**Task statement**
What lines in the data below mention the string "Picture"? Copy them out.
------------------------------------------------------------------------
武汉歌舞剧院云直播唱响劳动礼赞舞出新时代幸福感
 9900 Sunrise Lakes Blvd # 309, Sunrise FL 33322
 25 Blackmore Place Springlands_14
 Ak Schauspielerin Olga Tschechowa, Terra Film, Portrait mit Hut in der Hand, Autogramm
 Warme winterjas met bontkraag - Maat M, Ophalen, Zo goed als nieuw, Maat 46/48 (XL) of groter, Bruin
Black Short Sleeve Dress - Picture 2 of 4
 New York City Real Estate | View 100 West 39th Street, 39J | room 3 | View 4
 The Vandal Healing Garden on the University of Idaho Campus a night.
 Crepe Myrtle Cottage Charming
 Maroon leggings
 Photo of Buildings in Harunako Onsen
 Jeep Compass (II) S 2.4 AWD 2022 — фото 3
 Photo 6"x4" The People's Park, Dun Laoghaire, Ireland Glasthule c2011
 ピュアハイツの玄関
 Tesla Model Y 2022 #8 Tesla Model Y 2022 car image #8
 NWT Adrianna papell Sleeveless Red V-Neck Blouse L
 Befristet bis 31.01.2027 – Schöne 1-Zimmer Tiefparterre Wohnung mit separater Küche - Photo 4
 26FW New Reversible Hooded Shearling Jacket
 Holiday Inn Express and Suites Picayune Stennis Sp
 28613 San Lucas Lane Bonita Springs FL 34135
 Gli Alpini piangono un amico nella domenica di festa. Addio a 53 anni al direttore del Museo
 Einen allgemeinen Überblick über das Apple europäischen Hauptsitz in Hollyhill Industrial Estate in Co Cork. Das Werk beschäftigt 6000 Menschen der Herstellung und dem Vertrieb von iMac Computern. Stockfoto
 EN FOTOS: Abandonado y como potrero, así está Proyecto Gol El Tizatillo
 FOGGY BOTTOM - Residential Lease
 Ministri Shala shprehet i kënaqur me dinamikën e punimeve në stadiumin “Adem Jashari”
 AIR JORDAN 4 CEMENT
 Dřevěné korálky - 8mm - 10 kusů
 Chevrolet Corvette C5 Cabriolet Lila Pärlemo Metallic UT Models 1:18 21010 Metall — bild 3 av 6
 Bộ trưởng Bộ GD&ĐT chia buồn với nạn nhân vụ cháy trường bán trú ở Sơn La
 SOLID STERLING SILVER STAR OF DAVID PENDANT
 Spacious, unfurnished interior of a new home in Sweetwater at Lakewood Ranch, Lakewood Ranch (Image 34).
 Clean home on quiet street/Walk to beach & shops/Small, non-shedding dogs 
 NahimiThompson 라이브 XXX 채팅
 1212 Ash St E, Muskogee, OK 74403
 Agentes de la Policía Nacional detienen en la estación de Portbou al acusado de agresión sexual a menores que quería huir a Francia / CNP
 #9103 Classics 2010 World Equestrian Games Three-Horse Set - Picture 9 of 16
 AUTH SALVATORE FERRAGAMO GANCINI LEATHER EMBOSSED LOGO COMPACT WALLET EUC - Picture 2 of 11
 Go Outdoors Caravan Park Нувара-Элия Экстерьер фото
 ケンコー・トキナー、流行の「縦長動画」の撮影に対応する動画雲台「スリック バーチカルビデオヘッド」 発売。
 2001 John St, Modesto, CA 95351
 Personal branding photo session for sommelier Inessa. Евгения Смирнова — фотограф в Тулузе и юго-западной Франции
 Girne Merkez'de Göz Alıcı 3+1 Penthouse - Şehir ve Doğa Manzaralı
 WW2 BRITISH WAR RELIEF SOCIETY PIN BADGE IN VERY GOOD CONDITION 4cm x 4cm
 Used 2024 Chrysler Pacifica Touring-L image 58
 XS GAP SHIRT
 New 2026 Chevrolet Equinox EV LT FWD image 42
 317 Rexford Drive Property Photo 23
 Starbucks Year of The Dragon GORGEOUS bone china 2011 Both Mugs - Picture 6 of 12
------------------------------------------------------------------------
**Expected answer**
Black Short Sleeve Dress - Picture 2 of 4
 #9103 Classics 2010 World Equestrian Games Three-Horse Set - Picture 9 of 16
 AUTH SALVATORE FERRAGAMO GANCINI LEATHER EMBOSSED LOGO COMPACT WALLET EUC - Picture 2 of 11
 Starbucks Year of The Dragon GORGEOUS bone china 2011 Both Mugs - Picture 6 of 12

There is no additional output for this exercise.